A nutricionista admite que antes da análise ela e a estatística Juliana Freitas, coautora do artigo, acreditavam que a discrepância entre filhos de mães brancas e pretas seria maior. Mas como o universo total analisado faz parte de um grupo social semelhante — todas com acesso ao CadÚnico — as diferenças no desenvolvimento podem ter sido reduzidas.

— Se o grupo de referência fosse de fora do Cadastro Único, a diferença seria ainda mais gritante — afirma Benes, que destaca a importância que os dados têm para direcionamento de políticas públicas aos diferentes grupos. — Embora a literatura científica já tenha discutido amplamente como o racismo impacta em desfechos negativos ao nascer, como prematuridade e baixo peso, poucos estudos se aprofundaram no impacto do racismo no crescimento infantil de crianças brasileiras.

Nos últimos anos, estatísticas e artigos científicos recentes revelaram que a desnutrição entre os ianomâmis é uma das mais graves do mundo. A Terra Indígena Yanomami vem sofrendo uma crise sanitária a partir da invasão de garimpeiros, contaminações e desmatamento no território. Em 2021, 56,5% das crianças da etnia chegaram a algum nível de déficit de peso, segundo dados do Departamento de Atenção Primária à Saúde Indígena.
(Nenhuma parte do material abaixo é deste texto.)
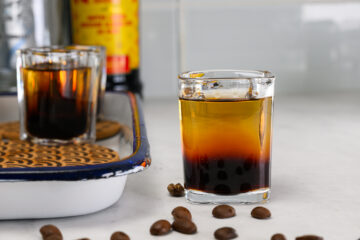 A shot glass with a layered coffee drink and tapioca pearls, surrounded by coffee beans on a white surface, with another glass and a bottle in the background.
Desde 2015, a desnutrição infantil na reserva ianomâmi vem afetando cerca de metade da população de menos de 5 anos. No início do ano passado, fotos de bebês e crianças desnutridas foram divulgadas por lideranças indígenas como forma de denunciar o problema. Em seguida, o governo federal iniciou uma operação na região e organizou resgates de quem estava em situação grave. Segundo o Ministério da Saúde, 307 crianças com desnutrição moderada a grave foram resgatadas ao longo do ano passado.

Baixa escolaridade

Do universo de indivíduos analisados pela pesquisa da Fiocruz, a maioria era de filhos de mães pardas (64,33%), seguidos pelos filhos de mães brancas (30,86%), de mães pretas 3,55%, de mães indígenas (0,88%) e de mães com descendência asiática (0,38%). Benes explicou que, mesmo em menor número, o conjunto de dados da população indígena era suficiente para a análise estatística, através dos modelos utilizados.

Além da origem étnica-racial, a pesquisa também identificou outras características: a maior parte dessas mulheres eram residentes de áreas urbanas (com exceção das mulheres indígenas, das quais 73,83% viviam em zonas rurais), e residiam em condições de habitação consideradas mais precárias (30,04%).

Em relação à escolaridade, mulheres indígenas e pretas possuíam os menores níveis educacionais (27,52% e 13,76%, respectivamente), além dos maiores índices de incompletude do acompanhamento pré-natal (67,44% para as indígenas e 47,02% para mulheres pretas).